Reshape documents — include/exclude fields, compute new fields.

db.orders.aggregate([
  {
    $project: {
      _id: 1,           // include
      customerName: 1,  // include
      amount: 1,
      status: 0,        // exclude
      profit: { $subtract: ["$amount", "$cost"] }  // computed field
    }
  }
]);

// Result: { _id: X, customerName: "Alice", amount: 100, profit: 25 }
// Note: Use $ prefix to reference field values

$group

Group documents and compute aggregates — like SQL's GROUP BY.

db.orders.aggregate([
  {
    $group: {
      _id: "$status",           // Group by status field
      count: { $sum: 1 },       // Count documents
      totalAmount: { $sum: "$amount" },  // Sum amounts
      avgAmount: { $avg: "$amount" },
      maxAmount: { $max: "$amount" },
      minAmount: { $min: "$amount" }
    }
  }
]);

// Result:
// { _id: "completed", count: 150, totalAmount: 15000, avgAmount: 100, ... }
// { _id: "pending", count: 50, totalAmount: 3000, avgAmount: 60, ... }
// { _id: "cancelled", count: 10, totalAmount: 500, avgAmount: 50, ... }

Common $group accumulators:

Operator Description
$sum Sum of values or count of documents ($sum: 1)
$avg Average of values
$min Minimum value
$max Maximum value
$first First value (usually with $sort)
$last Last value (usually with $sort)
$push Collect values into array
$addToSet Collect unique values into array
$count Count of documents in group

$sort

Sort documents by field(s).

db.orders.aggregate([
  { $match: { status: "completed" } },
  { $sort: { amount: -1 } }  // -1 = descending (high to low)
]);

// For compound sort:
db.orders.aggregate([
  { $sort: { status: 1, amount: -1 } }  // By status ASC, then amount DESC
]);

$limit & $skip

db.orders.aggregate([
  { $match: { status: "completed" } },
  { $sort: { amount: -1 } },
  { $skip: 10 },        // Skip first 10
  { $limit: 5 }         // Return next 5
]);

// For pagination: skip = (page - 1) * pageSize, limit = pageSize

$lookup

Join with another collection — like SQL's JOIN.

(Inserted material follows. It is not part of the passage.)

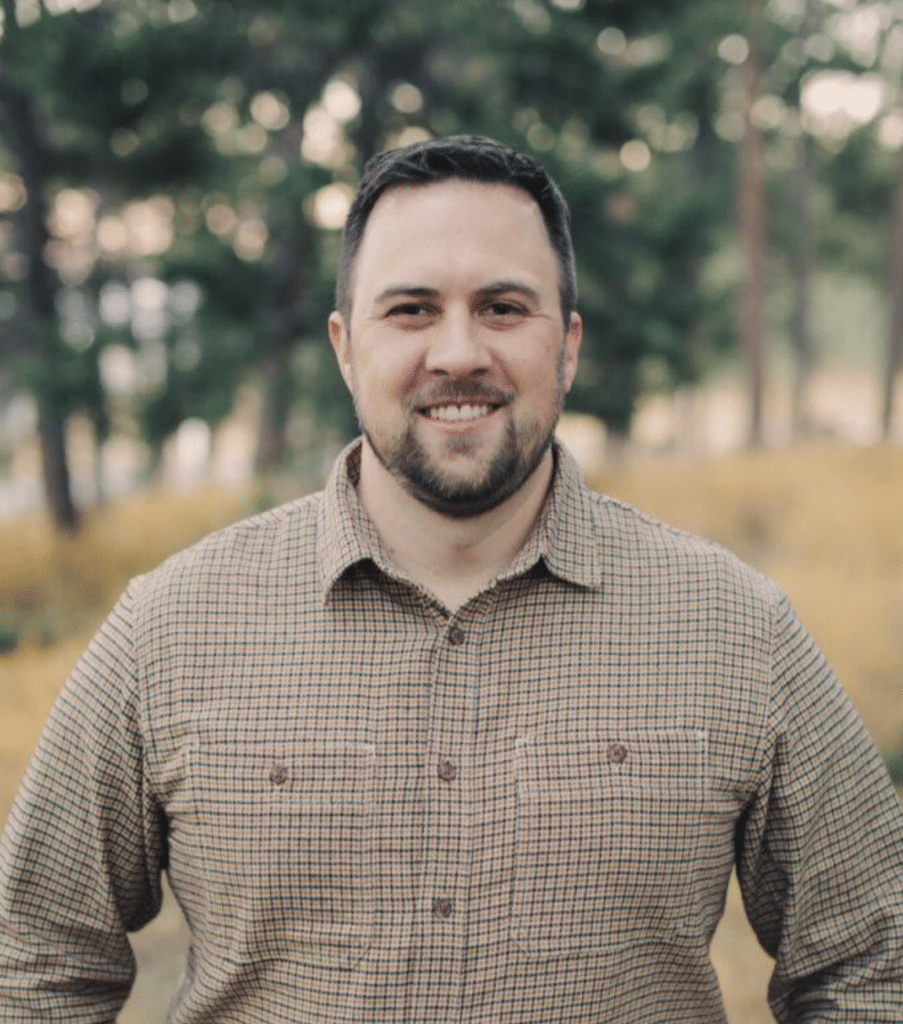 A man with short dark hair and a trimmed beard stands outdoors, wearing a brown checkered shirt. Behind him, there are trees and dry grass, suggesting a natural setting. The lighting indicates either morning or evening.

// Orders with customer details (many-to-one)
db.orders.aggregate([
  {
    $lookup: {
      from: "customers",        // Collection to join
      localField: "customerId", // Field in orders
      foreignField: "_id",      // Field in customers
      as: "customer"            // Output array field
    }
  }
]);

// Result: { _id: X, customerId: Y, amount: 100, customer: [{ _id: Y, name: "Alice", ... }] }
// Note: customer is always an array (even if 1 document)

$unwind

Deconstruct arrays — create separate document for each array element.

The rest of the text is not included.